Sunday 24 June 2007

I have developed (or perhaps caught) the recyclers’ instinct. It is like a rather rubbish (ha ha—that joke never gets old) sixth sense which, somewhat unfortunately, is attuned to finding rubbish even where there isn’t any. Today, it got me twice, and, like an anagram of a Sith Lord, I used its Force to detect nonexistent litter.

First came the whiff of alcohol—“Aha!” exclaimed the italicised voice in my mind, “Where there’s booze, there’s all kinds of debris! Cans, bottles, paper cups…”—I whirled around, eyes on the floor, scanning—nothing, what could be wrong?!—aaaah, I had let my bag fall open on the ground, and from thence had the distracting aroma of day-old beer dregs ascended into my waiting nostrils. Disappointment gripped me like a hunter cruelly foiled in pursuit of his quarry. I began to wish that, like my anagrammatised namesake, I could launch lightning from my fingers and punish those around me for this humiliation.

The next clue was in a different field entirely. On the floor, I spotted a plastic bottle top! “It’s a logical impossibility (well, almost…it’s pretty unlikely, anyway) that that should be an orphan bottle top!” For several seconds my eyes flitted over grass and mud in search of a mother bottle, perhaps a Sprite or 7UP judging by the faintly green colouration, then, nothing. A feeling of dull emptiness like my very soul had been snatched from me. I picked up the somewhat disappointing bottle-top (only worth one point) and headed on my way.

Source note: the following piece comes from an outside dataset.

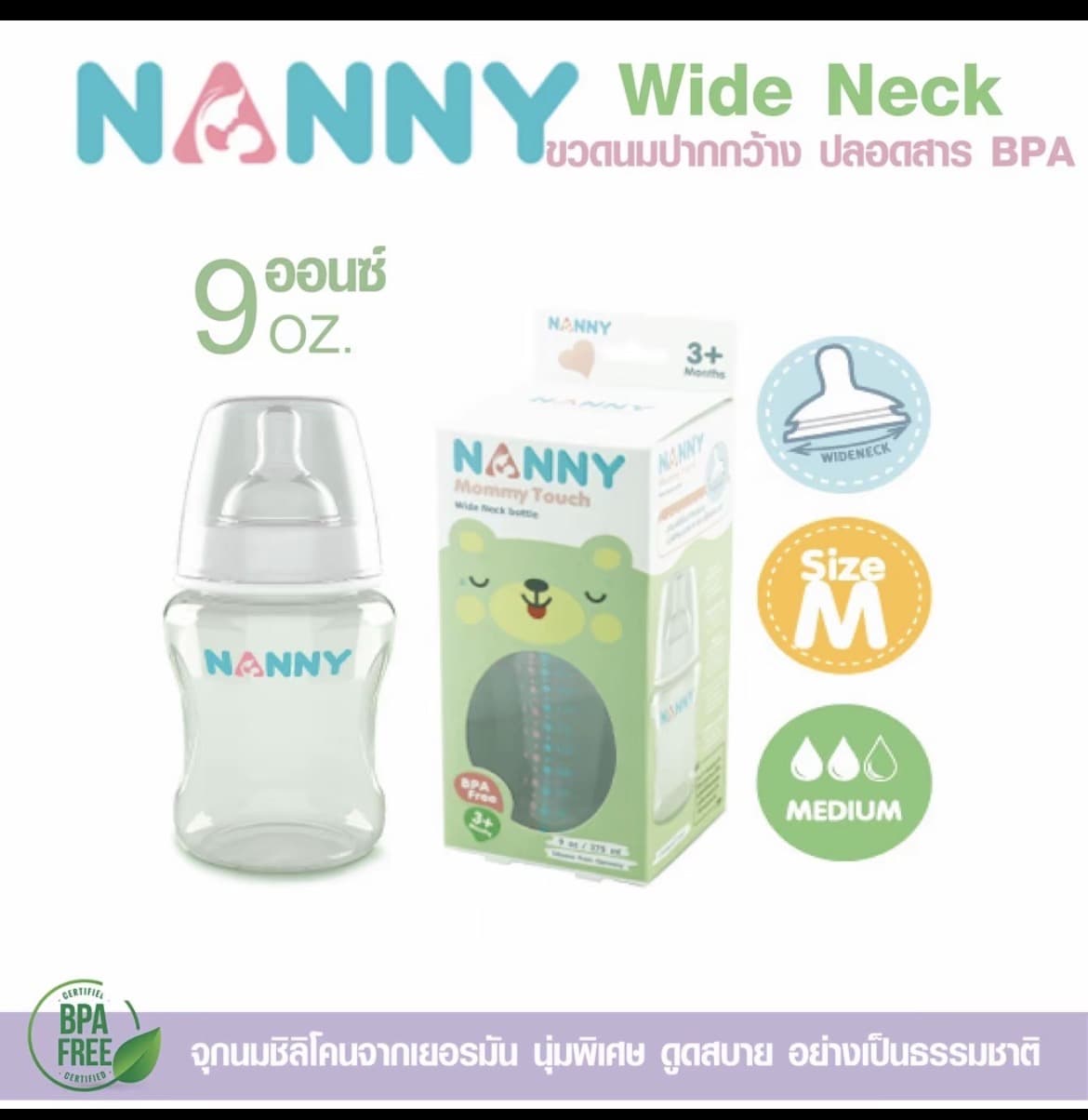 (คอกว้าง) Wide Neck 9 ออนซ์ พร้อมจุกนม size M สำหรับ อายุ3เดือนขึ้นไป1ขวด(ขวด PPปลอดสาร BPA)(รับ10,700แต้ม)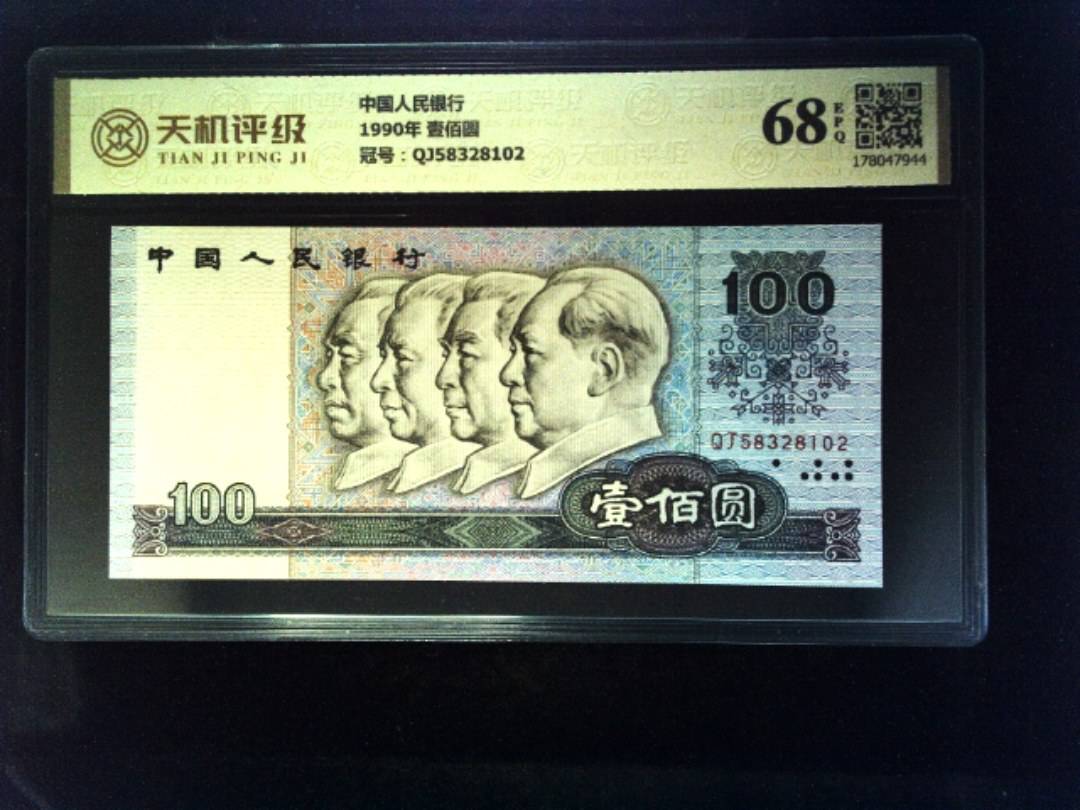 中国人民银行1990年 壹佰圆，冠号QJ58328102，纸币，钱币收藏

The instinct’s other side-effect is that it is now quite impossible to set eyes on crap on the floor without instantaneously classifying it by what colour of bag it should be dropped into. Bottles and cans are recyclables—classic green bag stuff—whilst food waste and paper should be deposited in one of the strangely-silky biodegradable white bags—the least fun, both for their unconventional texture, and the kind of greasy, yucky stuff you have to put into them. Whatever’s left, the barren wasteland outside the recycling Venn diagram, is lobbed into a black bag.

My vision became somewhat like Arnie’s in The Terminator; rubbish would immediately be surrounded by a little green box, under which a blinking cursor paused momentarily, before identifying it and suggesting which bag to put it in with a satisfying beep.

My sixth sense beeped throughout Shirley Bassey’s performance. I think she was green bag.